About the CM4 Board (August 2024)

The CM4 board differs from typical Raspberry Pi devices because it has no peripheral connection ports. To use peripherals, you need to purchase a compatible development board for the CM4.

About two years ago, I used this device as a personal, free-time project for the last company I worked for. The company needed a lower-cost alternative to the Raspberry Pi due to a shortage of boards at the time. I purchased the CM4 board and ran various tests to see if it would meet the company’s needs.

Fortunately, the company was able to secure a bulk amount of Pi boards for a reasonable price, so I had no need to continue working on the CM4 board.
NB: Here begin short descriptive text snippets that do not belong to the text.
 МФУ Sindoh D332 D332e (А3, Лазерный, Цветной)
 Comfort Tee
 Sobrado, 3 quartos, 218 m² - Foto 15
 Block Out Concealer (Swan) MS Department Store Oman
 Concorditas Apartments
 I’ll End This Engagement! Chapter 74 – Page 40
It sat in a storage bin in my closet until I decided to see if it would work with DShield—which it did.

ISP & Static IP Use (August 2024)

Identifiable information such as my ISP and internet plan are redacted for privacy reasons

I have five allotted static IP addresses assigned to my home internet plan, which I’ve had for about six years. This setup has allowed me to host websites and run projects like proxy and automation servers. Here’s how the static IPs are assigned:

  • Primary network connection: Used for both my main desktop PC and my web server (separated by a VLAN). While this setup could be seen as risky, it allows me to monitor my web server more thoroughly and access files, admin pages, and more without needing an internet connection. This setup has been safe for years.
  • IoT network: One static IP is used for a Wi-Fi network dedicated to IoT devices.
  • Home Wi-Fi: Another static IP is used for a simple home Wi-Fi network.
  • DShield honeypot: The fourth static IP is currently used for my DShield honeypot setup. At the moment, this network has no additional devices other than the honeypot itself, though I plan to add a small computer as a temporary server to collect more information from the honeypot.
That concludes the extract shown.